Yes what @andyxning mentioned would indeed be helpful, and then the full memory profiles for further analysis :slightly_smiling_face: .
I have attached profiles for alloc_space[1] and inuse_space[2]. Increasing the memory allocated to 2gb seems to help, giving a metrics response in ~25 seconds, however this seems like a lot of RAM for our cluster size. Below are some statistics on our cluster:
$ kubectl get pods --all-namespaces -a | wc -l
273
$ kubectl get jobs --all-namespaces -a | wc -l
2028
$ kubectl get cronjobs --all-namespaces -a | wc -l
193
That's definitely a lot, could you give us the number of lines in the metric response? It will tell us the number of time-series this is producing, which should be interesting given the response time and memory usage.
@jac-stripe
Thanks for your valuable info.
BTW, could you please paste the log about number of collected object in kube-state-metrics aside from the kubectl outputs.
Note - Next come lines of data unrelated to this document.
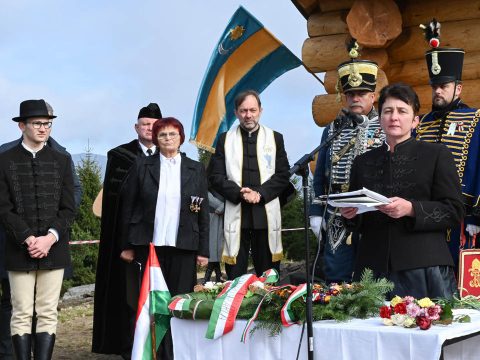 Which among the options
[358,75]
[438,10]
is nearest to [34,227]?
[358,75]

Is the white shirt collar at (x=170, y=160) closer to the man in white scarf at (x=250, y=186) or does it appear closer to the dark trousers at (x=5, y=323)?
the man in white scarf at (x=250, y=186)

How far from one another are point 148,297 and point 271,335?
Answer: 1.35m

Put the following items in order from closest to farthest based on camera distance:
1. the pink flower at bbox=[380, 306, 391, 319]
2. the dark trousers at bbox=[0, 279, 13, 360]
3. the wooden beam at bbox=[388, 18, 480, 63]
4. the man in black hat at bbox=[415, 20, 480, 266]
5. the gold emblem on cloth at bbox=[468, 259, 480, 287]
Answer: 1. the pink flower at bbox=[380, 306, 391, 319]
2. the gold emblem on cloth at bbox=[468, 259, 480, 287]
3. the man in black hat at bbox=[415, 20, 480, 266]
4. the dark trousers at bbox=[0, 279, 13, 360]
5. the wooden beam at bbox=[388, 18, 480, 63]

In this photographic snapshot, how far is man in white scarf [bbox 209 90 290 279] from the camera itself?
6211 mm

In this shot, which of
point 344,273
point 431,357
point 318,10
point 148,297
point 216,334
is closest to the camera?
point 431,357

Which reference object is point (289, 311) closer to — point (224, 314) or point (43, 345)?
point (224, 314)

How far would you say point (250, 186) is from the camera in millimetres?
6297

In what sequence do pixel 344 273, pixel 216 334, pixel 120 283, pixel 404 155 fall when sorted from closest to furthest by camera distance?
1. pixel 216 334
2. pixel 404 155
3. pixel 344 273
4. pixel 120 283

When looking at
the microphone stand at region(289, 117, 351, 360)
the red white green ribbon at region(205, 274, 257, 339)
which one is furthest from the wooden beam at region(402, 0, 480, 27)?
the red white green ribbon at region(205, 274, 257, 339)

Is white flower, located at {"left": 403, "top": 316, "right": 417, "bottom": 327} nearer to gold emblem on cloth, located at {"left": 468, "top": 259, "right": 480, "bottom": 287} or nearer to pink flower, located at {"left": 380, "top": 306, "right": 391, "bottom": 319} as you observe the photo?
pink flower, located at {"left": 380, "top": 306, "right": 391, "bottom": 319}

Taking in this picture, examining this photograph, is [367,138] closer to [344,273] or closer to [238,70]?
[344,273]

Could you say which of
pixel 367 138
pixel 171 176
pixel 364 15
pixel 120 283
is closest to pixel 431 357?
pixel 367 138

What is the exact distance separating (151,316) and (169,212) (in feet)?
3.95

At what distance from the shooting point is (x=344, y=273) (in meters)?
5.72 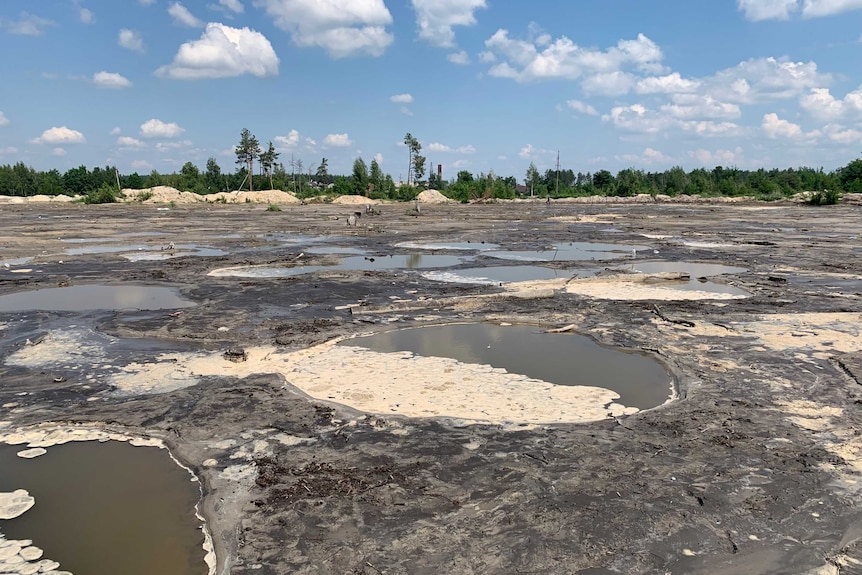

That is added in #254 which is mainly used to debug problems something like this one.
@brancz the response is 16172 lines, totalling 2226kb.
@andyxning here are some logs on collected objects within the last few seconds:
I0919 16:55:56.928875 1 deployment.go:155] collected 3 deployments
I0919 16:55:56.928954 1 replicaset.go:119] collected 4 replicasets
I0919 16:55:56.933851 1 cronjob.go:125] collected 216 cronjobs
I0919 16:55:57.090494 1 job.go:149] collected 665 jobs
I0919 16:55:57.180204 1 pod.go:238] collected 272 pods
I0919 16:55:57.378936 1 daemonset.go:113] collected 1 daemonsets
I0919 16:55:57.379160 1 deployment.go:155] collected 3 deployments
I0919 16:55:57.379251 1 replicaset.go:119] collected 4 replicasets
I0919 16:55:57.379274 1 limitrange.go:97] collected 0 limitranges
I0919 16:55:57.379655 1 namespace.go:110] collected 4 namespaces
I0919 16:55:57.379686 1 statefulset.go:121] collected 0 statefulsets
I0919 16:55:57.379855 1 replicationcontroller.go:125] collected 0 replicationcontrollers
I0919 16:55:57.380030 1 service.go:101] collected 4 services
I0919 16:55:57.380050 1 persistentvolumeclaim.go:107] collected 0 persistentvolumeclaims
I0919 16:55:57.380063 1 resourcequota.go:95] collected 0 resourcequotas
I0919 16:55:57.382270 1 node.go:181] collected 20 nodes
I0919 16:55:57.480281 1 job.go:149] collected 665 jobs
I0919 16:55:57.581042 1 cronjob.go:125] collected 216 cronjobs
I0919 16:55:57.979816 1 pod.go:238] collected 272 pods
We've got about 10x that number of resources and are seeing total heap around 2.2GB:

KSM /metrics has 929k series and is 102MB uncompressed.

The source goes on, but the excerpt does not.